Needed from the data below: every line from the one with "Diretor do Foro" up to and including the one with "senhora NYUSA MARIA", repeated exactly and with nothing else.

▶ [Extracted information]:
BEGIN

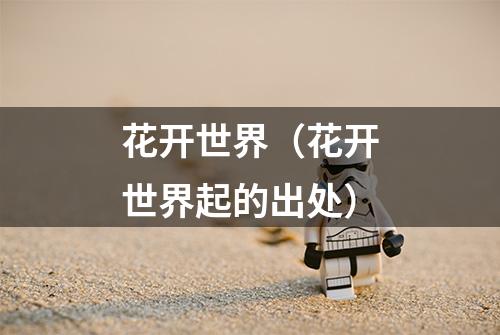 花开世界（花开世界起的出处）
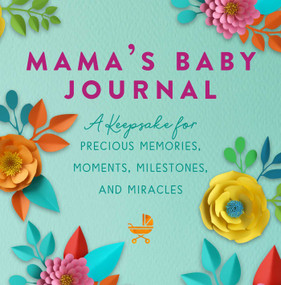 Mama's Baby Journal (A Keepsake for Precious Memories, Moments, Milestones, and Miracles) by Jennifer Basye Sander, 9781510765382
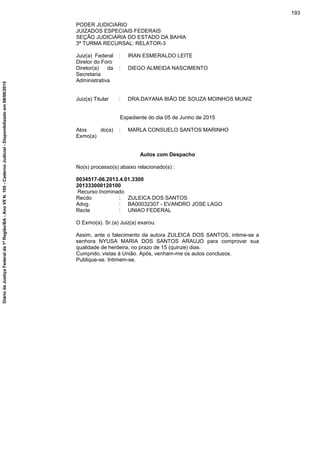 PODER JUDICIARIO
JUIZADOS ESPECIAIS FEDERAIS
SEÇÃO JUDICIÁRIA DO ESTADO DA BAHIA
3ª TURMA RECURSAL: RELATOR-3
Juiz(a) Federal
Diretor do Foro
: IRAN ESMERALDO LEITE
Diretor(a) da
Secretaria
Administrativa
: DIEGO ALMEIDA NASCIMENTO
Juiz(a) Titular : DRA.DAYANA BIÃO DE SOUZA MOINHOS MUNIZ
Expediente do dia 05 de Junho de 2015
Atos do(a)
Exmo(a)
: MARLA CONSUELO SANTOS MARINHO
Autos com Despacho
No(s) processo(s) abaixo relacionado(s) :
0034517-06.2013.4.01.3300
201333000120100
Recurso Inominado
Recdo : ZULEICA DOS SANTOS
Advg. : BA00032307 - EVANDRO JOSE LAGO
Recte : UNIAO FEDERAL
O Exmo(a). Sr.(a) Juiz(a) exarou:
Assim, ante o falecimento da autora ZULEICA DOS SANTOS, intime-se a
senhora NYUSA MARIA DOS SANTOS ARAUJO para comprovar sua
qualidade de herdeira, no prazo de 15 (quinze) dias.
Cumprido, vistas à União. Após, venham-me os autos conclusos.
Publique-se. Intimem-se.
193
DiáriodaJustiçaFederalda1ªRegião/BA-AnoVIIN.105-CadernoJudicial-Disponibilizadoem08/06/2015
 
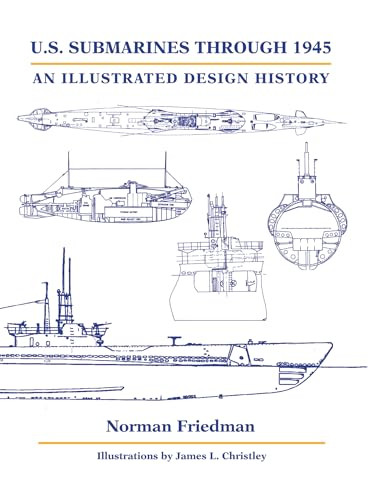 U.S. Submarines Through 1945 (An Illustrated Design History) by Norman Friedman, 9781682477601
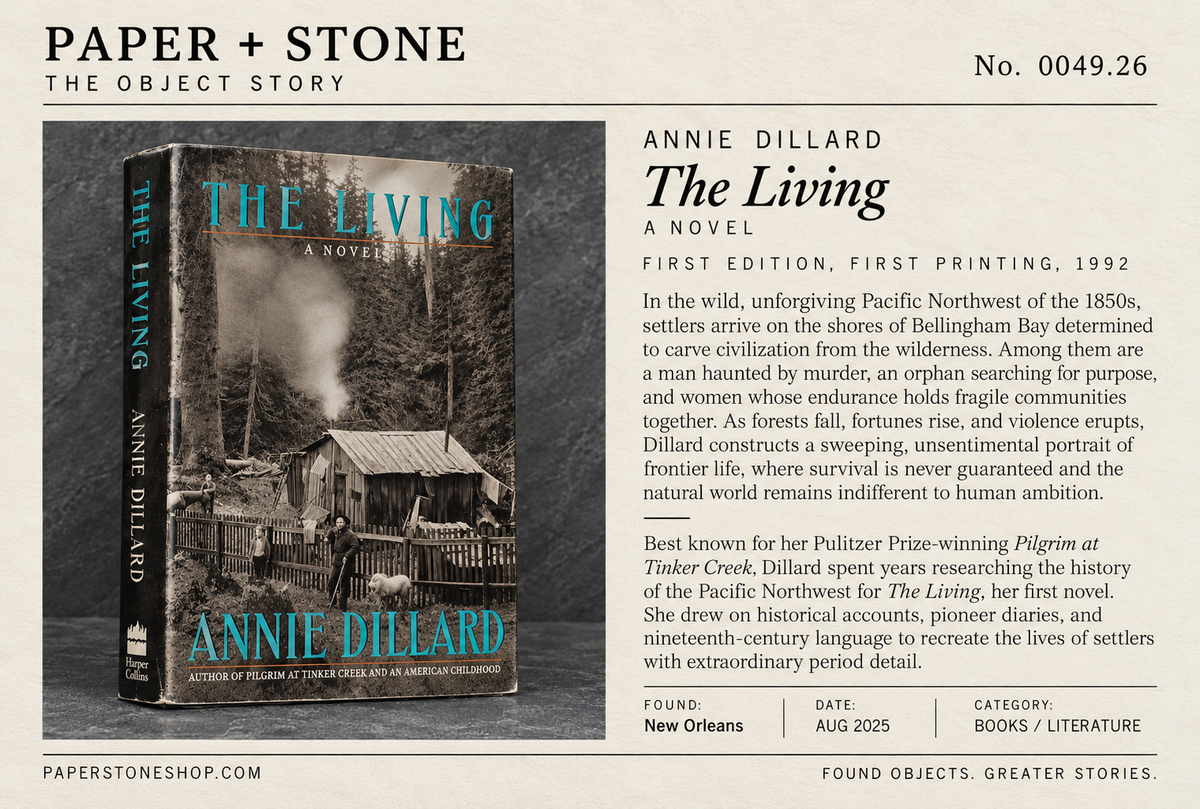 Found Object No.0049.26, New Orleans, The Living by Annie Dillard
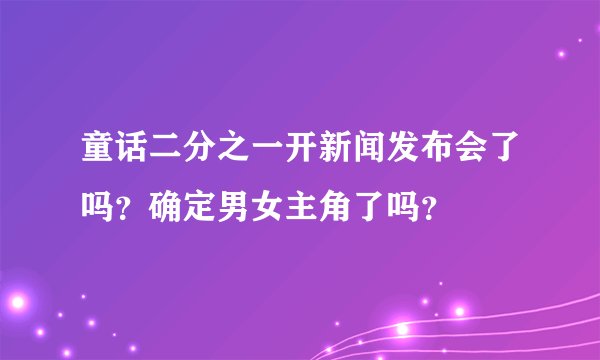 童话二分之一开新闻发布会了吗？确定男女主角了吗？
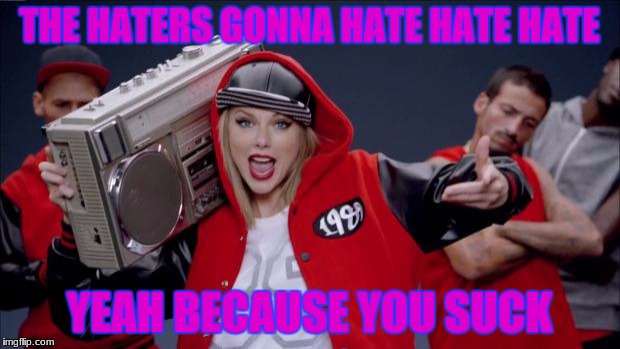 Taylor Swift Haters | THE HATERS GONNA HATE HATE HATE; YEAH BECAUSE YOU SUCK | image tagged in taylor swift haters | made w/ Imgflip meme maker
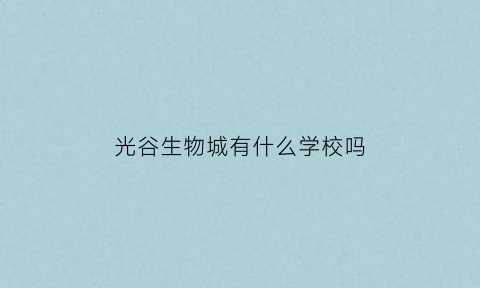 光谷生物城有什么学校吗(光谷生物城有什么学校吗初中)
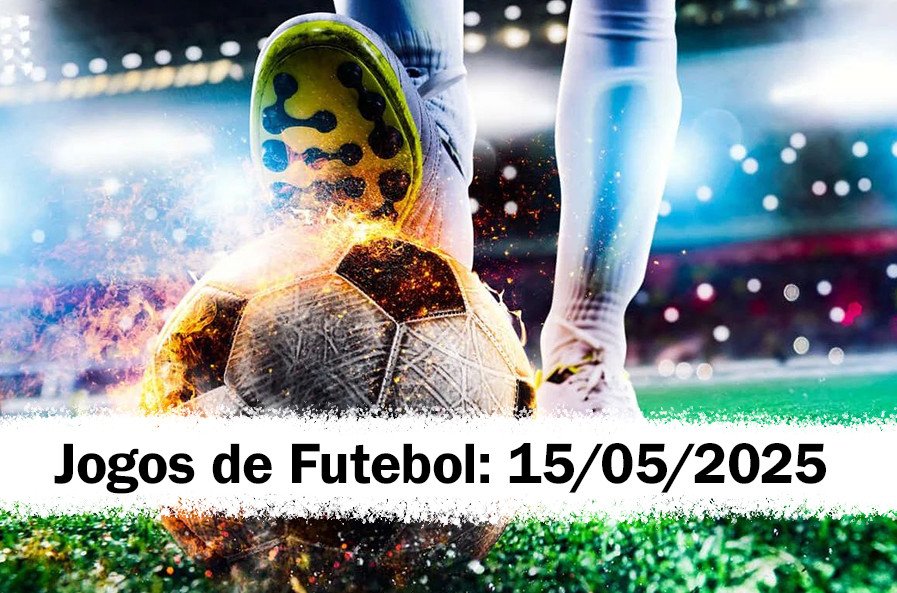 Jogos de Futebol - quinta-feira, 15 de maio de 2025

END

▶ [Exercise result]:
Diretor do Foro
: IRAN ESMERALDO LEITE
Diretor(a) da
Secretaria
Administrativa
: DIEGO ALMEIDA NASCIMENTO
Juiz(a) Titular : DRA.DAYANA BIÃO DE SOUZA MOINHOS MUNIZ
Expediente do dia 05 de Junho de 2015
Atos do(a)
Exmo(a)
: MARLA CONSUELO SANTOS MARINHO
Autos com Despacho
No(s) processo(s) abaixo relacionado(s) :
0034517-06.2013.4.01.3300
201333000120100
Recurso Inominado
Recdo : ZULEICA DOS SANTOS
Advg. : BA00032307 - EVANDRO JOSE LAGO
Recte : UNIAO FEDERAL
O Exmo(a). Sr.(a) Juiz(a) exarou:
Assim, ante o falecimento da autora ZULEICA DOS SANTOS, intime-se a
senhora NYUSA MARIA DOS SANTOS ARAUJO para comprovar sua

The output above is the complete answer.